LOL.. Now this has to be the "2nd most" pointless thread.


----------



## bobme (Feb 17, 2003)

No, i like A


----------



## ProdigalMarine (Jan 31, 2003)

bobme said:


> No, i like A


 a cup?.....kind of girls are you lookin at? pre-teens?


----------



## MPower (Jan 29, 2003)

YUP!!

B's are just not big enough no matter how small the girl is. D's are just to big and probably sag. C's are big enough and plus they don't sag as much compared to D's.


----------



## GARGOYLE (Feb 12, 2003)

c's are nice. but it all depends. If you are just out for a one night stand, the bigger the funner. In a relationship, it dont really matter. HAHA my girl has a nice rack!


----------



## bobme (Feb 17, 2003)

USMC*sPiKeY* said:


> bobme said:
> 
> 
> > No, i like A
> ...


 wtf? no.
My gf's has a "A" cup size, but .. she asain so ... i dono, they fit in my mouth.


----------



## ProdigalMarine (Jan 31, 2003)

bobme said:


> wtf? no.
> My gf's has a "A" cup size, but .. she asain so ... i dono, they fit in my mouth.


 hey whatever works for you man, as long as you can get it in your mouth its fine......


----------



## MPower (Jan 29, 2003)

bobme said:


> USMC*sPiKeY* said:
> 
> 
> > bobme said:
> ...


 You can't use because she's asian excuse. Mine is too and she is C's.


----------



## ProdigalMarine (Jan 31, 2003)

MPower said:



> You can't use because she's asian excuse. Mine is too and she is C's.


 most asian girls are "a" cup though, but the girl im seeing has a c cup, so its all good


----------



## bobme (Feb 17, 2003)

MPower said:


> bobme said:
> 
> 
> > USMC*sPiKeY* said:
> ...


 im not, im just saying most of them are small, same goes for there feet. However som have very large boobs. 
its just some thing that happens, kinda like a guys dick, however black males dicks seem to be larger then whites.


----------



## ProdigalMarine (Jan 31, 2003)

bobme said:


> kinda like a guys dick, however black males dicks seem to be larger then whites.
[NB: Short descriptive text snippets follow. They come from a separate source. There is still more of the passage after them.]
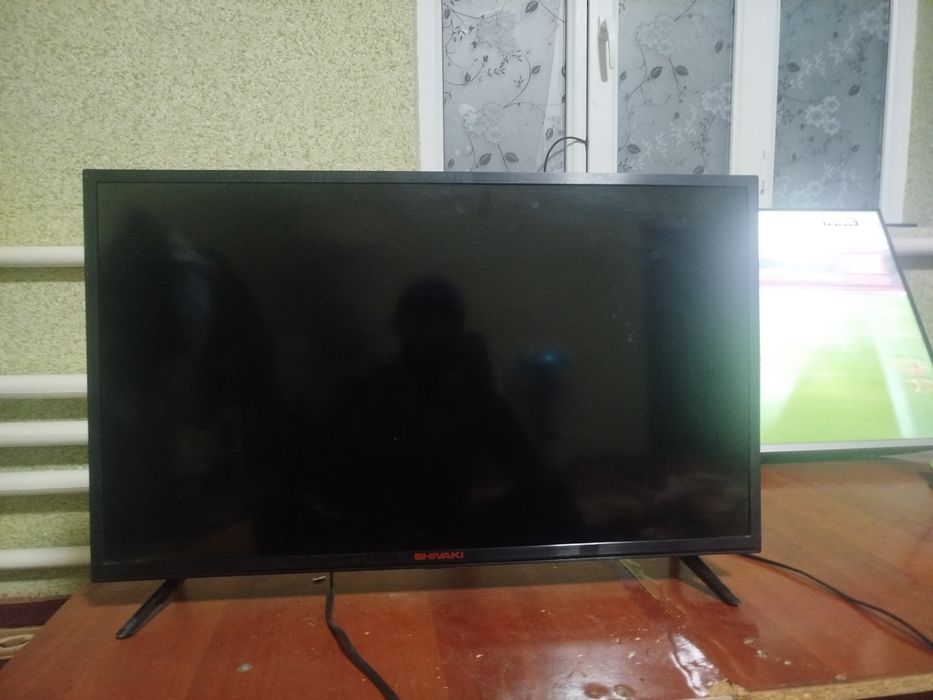 Televizor 32 tani sotiladi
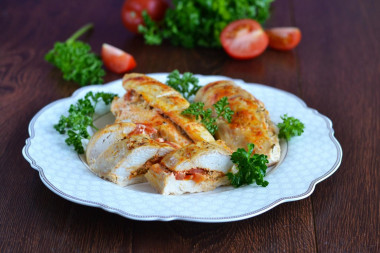 Stuffed chicken breasts in the oven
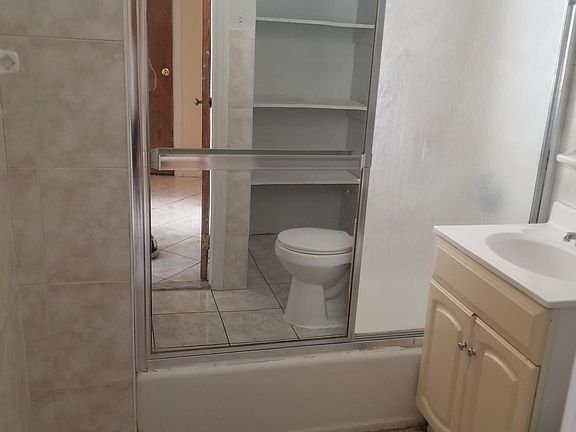 3rd image of 1332 Noble Ave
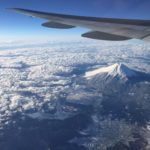 【航空会社】飛行機から富士山を見るには？きれいに機内から富士山を取る方法！ 冬の羽田発はきれいに取れる！羽田‐福岡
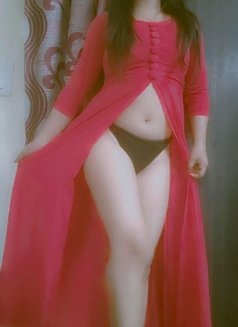 Ishita Gupta - escort in Bangalore Photo 3 of 5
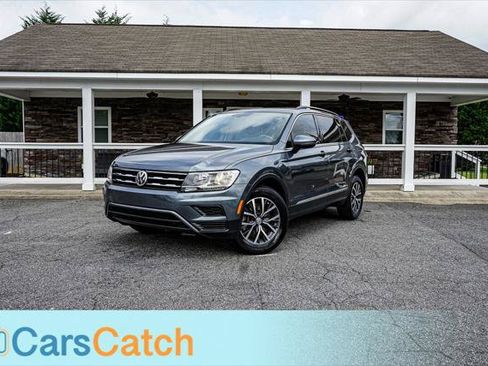 Used 2020 Volkswagen Tiguan SE w/ Panoramic Sunroof Package FWD image 1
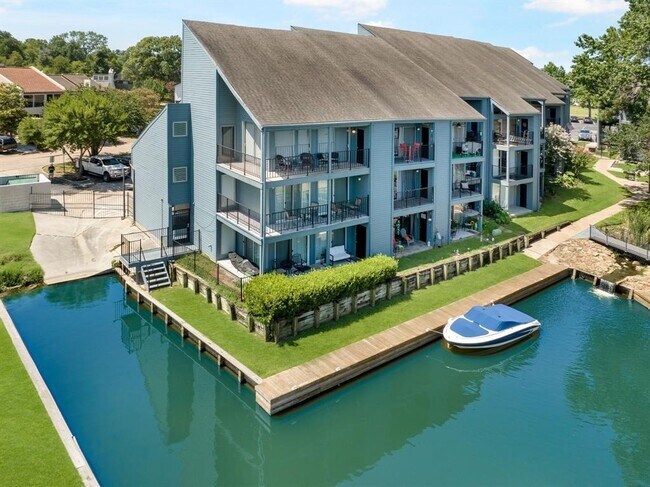 Building Photo - 12500 Melville Dr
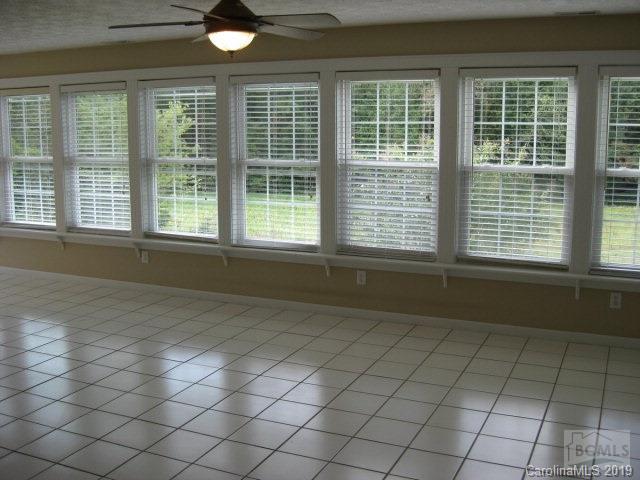 310 Summers Road Morganton, NC 28655 - Photo 3 of 17 Gallery Image 3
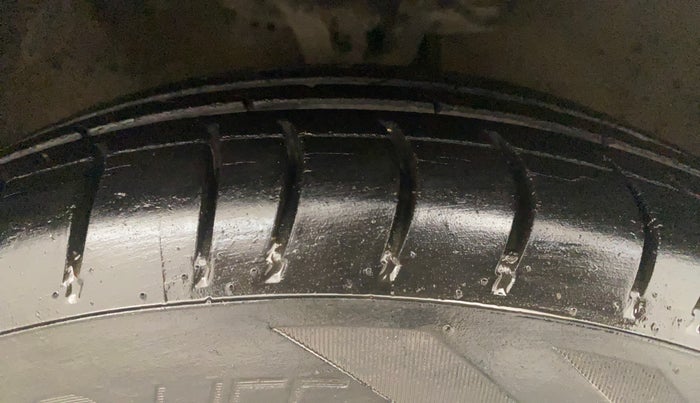 2013 Hyundai i10 SPORTZ 1.2, Petrol, Manual, 75,320 km, Right Front Tyre Tread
 and you would know this how?


----------



## RhomZilla (Feb 12, 2003)

USMC*sPiKeY* said:


> bobme said:
> 
> 
> > kinda like a guys dick, however black males dicks seem to be larger then whites.
> ...


 ROFL!!









LMFAO!!









Damn..


----------



## MPower (Jan 29, 2003)

bobme said:


> MPower said:
> 
> 
> > bobme said:
> ...


 You just setup yourself on that comment.


----------



## ProdigalMarine (Jan 31, 2003)

i already took advantage of it, so no worries M









....im sorry bobme, i hope i didn't offend you, it was just out there, and i couldn't hold back...so yea, my apologies, i hope i didn't offend you


----------



## JEARBEAR (Jan 30, 2003)

USMC*sPiKeY* said:


> bobme said:
> 
> 
> > No, i like A
> ...


 lol, I think 34 B is the best, more then a hand full is to much. but C are good to.


----------



## bobme (Feb 17, 2003)

USMC*sPiKeY* said:


> bobme said:
> 
> 
> > kinda like a guys dick, however black males dicks seem to be larger then whites.
> ...


 Dont you know any thing about humans? i thought eer one knew that.


----------



## bobme (Feb 17, 2003)

USMC*sPiKeY* said:


> i already took advantage of it, so no worries M
> 
> 
> 
> ...


 no its ok, smart ass remarks are cool.


----------



## Innes (Jan 13, 2003)

bigger is better - so long as they are not on a big fat munter!


----------



## thePACK (Jan 3, 2003)

RhomZilla said:


> LOL.. Now this has to be the "2nd most" pointless thread.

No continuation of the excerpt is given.